Der gesunde Menschenverstand sagt natürlich, daß ich schon mehr über die zukünftigen Ergebnisse wußte als André, bevor wir die zwanzig zusätzlichen Ergebnisse erhalten habe, und daß ich über die zwanzig Ergebnisse nicht viel über die folgenden dazugelernt habe, während André durchaus mehr über die zukünftigen Ergebnisse erfahren hat als ich, allerdings insgesamt wesentlich weniger Information darüber hat, weshalb er auch wesentlich eher einem Trugschluß erlegen ist (das kann man natürlich nicht absolut sicher sagen, denn auch ein Prozeß, der Kopf stark bevorzugt, könnte theoretisch erst mal zehntausend gleichverteilte Ergebnisse liefern, nur ist das deutlich unwahrscheinlicher, als daß ein gleichverteilter Prozeß zwanzig Köpfe hintereinander liefert).
Wenn man nun richtig rechnet, dann wird man auch genau dies herausfinden. Der Schlüssel ist dabei, daß, obwohl die
Ergebnisse unabhängig voneinander sind (das war ja von Vornherein vereinbart), es die
Vorhersagen nicht sind. Zwar sind die Rechnungen für Einzelergebnisse oben allesamt richtig, die Werte dürfen aber nicht einfach aufaddiert werden, weil sie ja nicht unabhängig sind. Das sieht man recht schön an Andrés Vorhersage: Die zwanzig Ergebnisse haben seine Vorhersage
massiv beeinflusst. Das bedeutet insbesondere, daß vorher für ihn, obwohl für jedes einzelne Ergebnis Kopf und Zahl gleichwahrscheinlich sind, die verschiedenen Ergebnis
folgen nicht gleichwahrscheinlich sind. So ist eben die Folge "20 mal Kopf, dann Zahl" unwahrscheinlicher als die Folge "21 mal Kopf". Für mich, mit meiner Erfahrung der zehntausend Ergebnisse davor, sind diese Folgen aber durchaus (nahezu) gleichwahrscheinlich.

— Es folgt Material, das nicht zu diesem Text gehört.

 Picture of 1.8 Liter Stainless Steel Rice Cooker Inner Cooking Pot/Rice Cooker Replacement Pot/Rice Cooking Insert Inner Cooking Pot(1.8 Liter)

Ok, und was ist mit der Entropie? Nun, die zeigt vor allem die Subjektivität der Information (und der Entropie). Da André nach den zwanzig Ergebnissen einen weiteren Kopf für nahezu sicher hält (in der Tat kann man ausrechnen, daß seine Wahrscheinlichkeit für Kopf 21/22 ist, und für Zahl 1/22), ist der Informationszuwachs, den
er für sich erwartet, in der Tat - 21/22 ld(21/22) - 1/22 ld(1/22) = 0.27 bit, während der Informationszuwachs, den
ich für mich erwarte, etwa - 1/2 ld(1/2) - 1/2 ld(1/2) = 1 bit ist. André erwartet also von der Mitteilung des nächsten Ergebnisses einen wesentlich geringeren Informationszuwachs
über dieses Ergebnis als ich. In der Tat kann ich sogar ausrechnen, welchen Informationszuwachs
ich für André erwarte: Der Informationswert jedes Ergebnisses bemißt sich ja für ihn aus seiner Wahrscheinlichkeitsverteilung (die ich ausrechnen kann, da ich ja sein Wissen über die Ergebnisse vollständig kenne), während ich den Erwartungswert natürlich mit
meiner Wahrscheinlichkeitsverteilung berechnen muß. Ich erwarte also einen Informationszugewinn für André von etwa - 1/2 ld(21/22) - 1/2 ld(1/22) = 2.26 bit (also mehr als 1 bit!). Die Differenz der beiden Werte, hier 1.99, nennt man auch relative Entropie; sie ist also ein Maß dafür, wie stark André mit seiner Einschätzung des Informationsgewinns durch das nächste Ergebnis meiner Meinung nach daneben liegt. Das ist natürlich auch nur meine Einschätzung (schließlich ist es nicht
völlig ausgeschlossen, daß ich von den ersten zehntausend Ergebnissen desinformiert wurde), allerdings eine gut begründete (denn daß ein "kopflastiger" Prozeß einen Block zehntausend gleichverteilter Ergebnisse liefert, ist schon extrem unwahrscheinlich).
In diesem Zusammenhang ist auch eine interessante Feststellung, daß der Laplacesche Dämon für ein klassisches Gas stets die Informationsentropie Null erhält: Er kennt ja die Orte und Geschwindigkeiten aller Teilchen im Universum, insbesondere also auch für das Gas.
Bearbeitet von Timeout am 27.01.2007 um 13:42 Uhr.